The Rare-Earth Crisis
Today's electric cars and wind turbines rely on a few elements that are mined almost entirely in China. Demand for these materials may soon exceed supply. Will this be China's next great economic advantage?
- May/June 2011
- By Katherine Bourzac
Mighty mine: This 50-acre mine on the eastern edge of California’s Mojave Desert was once the world’s leading supplier of rare-earth metals. Water pooled at the bottom of the mine while it lay idle after being shut down a decade ago. Credit: Photography by Daniel Hennessy
On the eastern edge of the Mojave Desert, an hour's drive southwest of Las Vegas in Mountain Pass, California, lies a 1.4-billion-year-old deposit of cerium, neodymium, and other metals that is the richest source of rare-earth elements in the United States. Beside hills populated by cacti, Joshua trees, and wandering tortoises is a vast waste dump of tan and white rocks that was built up over more than 50 years of production at a 50-acre open-pit mine here. The mine was once the world's biggest producer of these metals, which are crucial to such diverse products as computer hard drives, compact fluorescent light bulbs, and the magnets used in electric vehicles' motors. And the site still holds enough of them to mine for at least another 30 years. But in 2002 it was shut down, owing to severe environmental problems and the emergence of Chinese producers that supplied the metals at lower cost. The mine sat idle for a decade.

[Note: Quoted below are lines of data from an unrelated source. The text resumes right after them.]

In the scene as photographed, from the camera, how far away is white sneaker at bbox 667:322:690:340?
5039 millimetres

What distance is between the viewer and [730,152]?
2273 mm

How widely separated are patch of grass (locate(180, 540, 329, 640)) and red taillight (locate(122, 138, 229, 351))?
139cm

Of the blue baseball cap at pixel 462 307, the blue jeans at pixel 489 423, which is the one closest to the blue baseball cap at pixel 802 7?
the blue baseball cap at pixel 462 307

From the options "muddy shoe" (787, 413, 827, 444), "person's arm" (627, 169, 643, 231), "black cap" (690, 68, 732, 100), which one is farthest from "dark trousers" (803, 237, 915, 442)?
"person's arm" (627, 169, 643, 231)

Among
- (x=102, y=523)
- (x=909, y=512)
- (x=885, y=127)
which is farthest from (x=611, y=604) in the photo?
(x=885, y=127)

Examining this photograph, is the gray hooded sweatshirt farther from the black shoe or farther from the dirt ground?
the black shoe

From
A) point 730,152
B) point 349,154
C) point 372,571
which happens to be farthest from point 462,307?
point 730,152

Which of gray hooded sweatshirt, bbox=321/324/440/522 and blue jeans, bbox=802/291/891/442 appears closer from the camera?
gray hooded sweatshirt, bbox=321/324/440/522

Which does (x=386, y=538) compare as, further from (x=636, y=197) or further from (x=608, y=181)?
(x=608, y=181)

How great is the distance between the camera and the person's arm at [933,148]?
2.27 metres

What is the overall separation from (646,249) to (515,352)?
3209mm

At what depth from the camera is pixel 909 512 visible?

With worldwide demand for the materials exploding, the site's owner, Molycorp Minerals, restarted mining at Mountain Pass last December. It is now the Western Hemisphere's only producer of rare-earth metals and one of just a handful outside of China, which currently produces 95 percent of the world's supply. Last September, after China stopped exporting the materials to Japan for two months, countries around the world began scrambling to secure their own sources. But even without Chinese restrictions and with the revival of the California mine, worldwide supplies of some rare earths could soon fall short of demand. Of particular concern are neodymium and dysprosium, which are used to make magnets that help generate torque in the motors of electric and hybrid cars and convert torque into electricity in large wind turbines. In a report released last December, the U.S. Department of Energy estimated that widespread use of electric-drive vehicles and offshore wind farms could cause shortages of these metals by 2015.